La 'ndrangheta fa affari ​con i reperti archeologici

il blitz è scattato questa mattina. per anni l'organizzazione ha depredato i reperti archeologici di Vibo Valentia, per poi rivenderli sul mercato clandestino

La 'ndrangheta fa affari ​con i reperti archeologici

La 'ndrangheta fa affari con i reperti archeologici dell'antica "Hipponion", il nome antico di Vibo Valentia. E sono affari anche piuttosto vantaggiosi.

Per anni un gruppo stabile e ben organizzato ha depredato i resti per poi rivenderli sul mercato clandestino. Un'organizzazione che poteva contare non solo su insospettabili finanziatori ed esperti archeologi, ma soprattutto sul potere del boss Pantaleone Mancuso, detto Vetrinetta.

Per gli inquirenti sarebbe stato proprio il capobastone di Limbadi a tenere le fila del gruppo che per anni ha setacciato le viscere del centro storico della città. Oltre 10mila i frammenti millenari recuperati dall'Arma, solo una parte dei reperti trafugati. Difficile anche quantificare il valore degli oggetti, ma da quanto emerge in alcune intercettazioni il business illegale avrebbe fruttato al gruppo criminale centinaia di migliaia di euro.

Questa mattina i carabinieri del nucleo "Tutela del patrimonio culturale" di Cosenza e del Ros di Catanzaro hanno dato esecuzione ad un'ordinanza di custodia cautelare redatta dal gip Abigail Mellace su richiesta del pm della Dda Camillo Falvo.

Oltre alle sette persone raggiunte dal provvedimento, risultano indagate altre cinque persone.

A far scattare l'operazione, che fa parte della più vasta inchiesta "Purgatorio" contro il clan Mancuso, è stata la perquisizione effettuata nell'agosto del 2010 a casa di Giuseppe Braghò, commerciante d'arte già coinvolto in indagini sul traffico di reperti archeologici. Nella sua abitazione i carabinieri trovarono due statuette in terracotta su cui erano evidenti tracce di terra fresca.

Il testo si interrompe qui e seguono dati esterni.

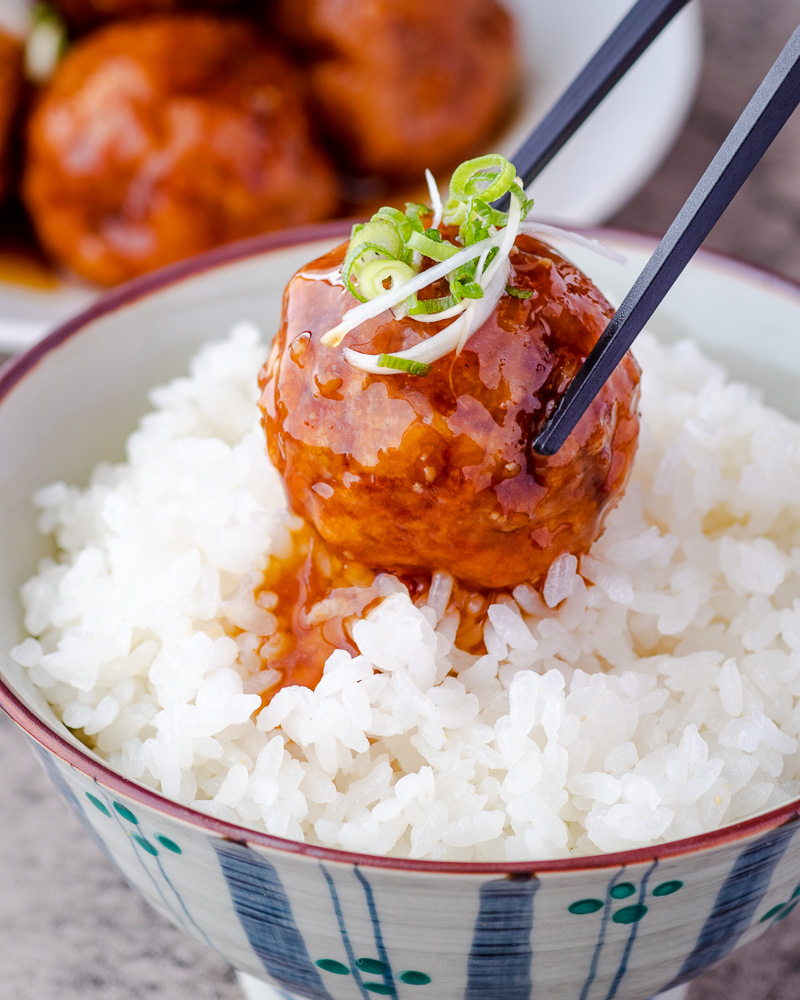 an image of vegan meatballs over bowl of rice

Monitorando gli spostamenti di Braghò, gli investigatori sono riusciti ad arrivare a un garage affittato dal gruppo nel pieno centro storico di Vibo Valentia all'interno del quale era stato realizzato con modalità professionali uno scavo clandestino, un tunnel lungo circa 50 metri. Così i carabinieri sono riusciti a ricostruire l'organigramma e i traffici del gruppo. Oltre alle competenze storiche di Braghò, il gruppo poteva contare su un cittadino svizzero, Luigi Fabiano, che aveva il compito di rivendere, anche su internet, i reperti e su una serie di insospettabili finanziatori, tra cui un avvocato del foro di Vibo Valentia.

Per la Dda al vertice dell'associazione con il ruolo di promotore, organizzatore e finanziatore c'era Pantaleone Mancuso. Era lui a impartire disposizioni agli associati, tiene le fila dell'associazione della quale conosce tutti i componenti ed il loro contributo e le necessità (per esempio, quando è necessario provvedere al reclutamento di nuovi operai da adibire al nuovo scavo dopo il sequestro del precedente).

Ma soprattutto, per gli inquirenti, la presenza del boss garantisce la più completa omertà sugli scavi illeciti effettuati nel pieno centro cittadino. Per questo la Dda aveva contestato agli indagati l'aggravante dell'articolo 7 e il concorso esterno in associazione mafiosa.

Di avviso contrario è stato il gip che ha sostenuto come gli elementi raccolti non permettono di "sostenere che effettivamente i proventi delle attività delittuose fossero destinati alla più ampia associazione mafiosa dei Mancuso". Contro questa decisione la procura di Catanzaro presenterà appello nei prossimi giorni.

I procuratori aggiunti Bombardieri e Luberto, che hanno coordinato gli accertamenti, hanno voluto sottolineare"il danno compiuto nei confronti del territorio e della collettività depredata di beni che potrebbero rappresentare un volano per lo sviluppo dell'economia locale".

Il comandante del Nucleo tutela ha ricordato che il business dei reperti archeologici "come redditività per i clan è secondo solo alle armi e alla droga".

Durante le perquisizioni effettuate oggi tra Calabria e Campania i carabinieri hanno rinvenuto 12 metal detector.